START Provided material

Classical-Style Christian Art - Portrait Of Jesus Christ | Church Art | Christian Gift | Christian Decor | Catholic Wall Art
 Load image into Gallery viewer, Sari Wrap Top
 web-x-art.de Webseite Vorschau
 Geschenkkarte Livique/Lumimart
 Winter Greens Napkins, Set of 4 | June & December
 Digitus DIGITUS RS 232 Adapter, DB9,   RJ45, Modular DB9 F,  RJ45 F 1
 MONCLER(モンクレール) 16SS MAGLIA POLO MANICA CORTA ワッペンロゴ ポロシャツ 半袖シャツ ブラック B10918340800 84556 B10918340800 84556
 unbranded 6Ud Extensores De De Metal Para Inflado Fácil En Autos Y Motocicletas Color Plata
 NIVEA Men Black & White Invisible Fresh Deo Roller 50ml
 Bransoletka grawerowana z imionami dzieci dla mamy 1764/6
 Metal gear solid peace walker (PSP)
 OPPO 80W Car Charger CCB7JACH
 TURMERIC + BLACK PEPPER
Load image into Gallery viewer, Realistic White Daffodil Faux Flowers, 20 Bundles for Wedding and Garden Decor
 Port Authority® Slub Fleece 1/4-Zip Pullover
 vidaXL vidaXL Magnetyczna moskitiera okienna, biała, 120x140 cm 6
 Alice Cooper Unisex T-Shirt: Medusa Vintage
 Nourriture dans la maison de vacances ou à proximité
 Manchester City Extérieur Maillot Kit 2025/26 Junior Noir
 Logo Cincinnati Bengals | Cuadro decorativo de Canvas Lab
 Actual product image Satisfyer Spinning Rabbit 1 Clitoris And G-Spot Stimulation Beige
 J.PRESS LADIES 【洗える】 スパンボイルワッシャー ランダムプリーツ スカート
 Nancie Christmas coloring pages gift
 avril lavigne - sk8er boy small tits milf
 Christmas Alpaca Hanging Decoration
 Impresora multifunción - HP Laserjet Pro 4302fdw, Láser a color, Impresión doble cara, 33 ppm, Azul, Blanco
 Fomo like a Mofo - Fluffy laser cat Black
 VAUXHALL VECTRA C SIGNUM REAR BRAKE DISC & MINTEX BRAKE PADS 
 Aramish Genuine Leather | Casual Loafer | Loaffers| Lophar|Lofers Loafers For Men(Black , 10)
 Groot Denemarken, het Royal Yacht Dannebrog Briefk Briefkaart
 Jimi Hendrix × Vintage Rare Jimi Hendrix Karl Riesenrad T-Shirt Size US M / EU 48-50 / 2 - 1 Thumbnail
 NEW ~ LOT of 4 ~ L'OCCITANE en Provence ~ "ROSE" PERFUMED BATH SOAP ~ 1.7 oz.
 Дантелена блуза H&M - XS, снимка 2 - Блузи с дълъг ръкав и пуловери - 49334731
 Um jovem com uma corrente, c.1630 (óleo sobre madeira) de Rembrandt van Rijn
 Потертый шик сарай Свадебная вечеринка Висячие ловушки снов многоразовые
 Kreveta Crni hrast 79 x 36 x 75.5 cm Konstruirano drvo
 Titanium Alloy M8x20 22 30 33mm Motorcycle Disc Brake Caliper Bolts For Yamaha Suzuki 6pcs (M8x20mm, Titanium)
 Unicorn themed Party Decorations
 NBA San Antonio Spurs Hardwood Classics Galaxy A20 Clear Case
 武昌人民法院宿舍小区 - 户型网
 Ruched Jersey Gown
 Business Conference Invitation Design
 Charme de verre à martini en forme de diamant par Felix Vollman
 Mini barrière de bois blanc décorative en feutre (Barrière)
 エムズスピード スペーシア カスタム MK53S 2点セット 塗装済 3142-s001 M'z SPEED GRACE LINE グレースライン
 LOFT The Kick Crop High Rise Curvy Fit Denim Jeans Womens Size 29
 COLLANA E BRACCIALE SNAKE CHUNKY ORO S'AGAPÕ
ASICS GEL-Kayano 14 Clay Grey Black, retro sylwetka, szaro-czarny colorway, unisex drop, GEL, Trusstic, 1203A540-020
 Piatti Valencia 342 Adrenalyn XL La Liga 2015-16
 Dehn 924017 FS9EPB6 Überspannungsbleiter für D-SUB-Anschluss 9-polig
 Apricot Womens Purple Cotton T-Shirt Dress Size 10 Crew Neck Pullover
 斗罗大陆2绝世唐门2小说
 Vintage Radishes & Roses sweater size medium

END Provided material

> [Work task] Number of lines holding the word "Pullover" in the material: give this value and nothing more.

> [Your response] 2